ただ本国でもメジャーとは言わないまでも根強い人気があったからこそ今になっての続編とか作った感じなのかなと思われます。
2に備えてせっかくだから復習しておこうかな?と思いつつ、エスターの正体に衝撃を受けるのが全ての作品であって、そこを知った上で見返しても面白いのかな?というか2も観客はエスターが何者か知った上で見て、それって面白いの?前作のようなどんでん返しがなくて残念だったとか言われない?なんて心配もしてしまいますが、少なくとも今回に関しては、正体を知った上で見返しても正直凄く面白かった。
内容的には90分映画のジャンルかとは思うけど、普通に2時間あるんですよね。
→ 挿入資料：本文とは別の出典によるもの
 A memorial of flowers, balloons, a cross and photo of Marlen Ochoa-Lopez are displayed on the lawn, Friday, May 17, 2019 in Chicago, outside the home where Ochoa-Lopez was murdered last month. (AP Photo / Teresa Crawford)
でもサスペンス描写とか、ネタの出し方、疑心暗鬼になっていがみ合うとか何気に普通に上手く作ってあって、知った上で見ても面白い。
夫婦の間にエスター一人だけでも成立しそうな所を、もう二人本物の娘息子が居る辺りでドラマの展開が膨らんで非常に上手い作り方をしてるなぁと。
エスター本人もね、実は特殊な病気で可哀相な子なのかも?とちょとは思わせるんだけど、結局は頭のおかしなモンスターとして描いてある辺りのセンスが割と好き。ちゃんとB級ホラーしてくれてるというか。
私ね、ふりふりのお洋服とか子供っぽいビジュアルって好きなんです。でも、じゃあ本物の子供が好きかと言うと、実は結構苦手です。可愛い見た目は好きだけど、精神年齢子供はちょっと・・・という。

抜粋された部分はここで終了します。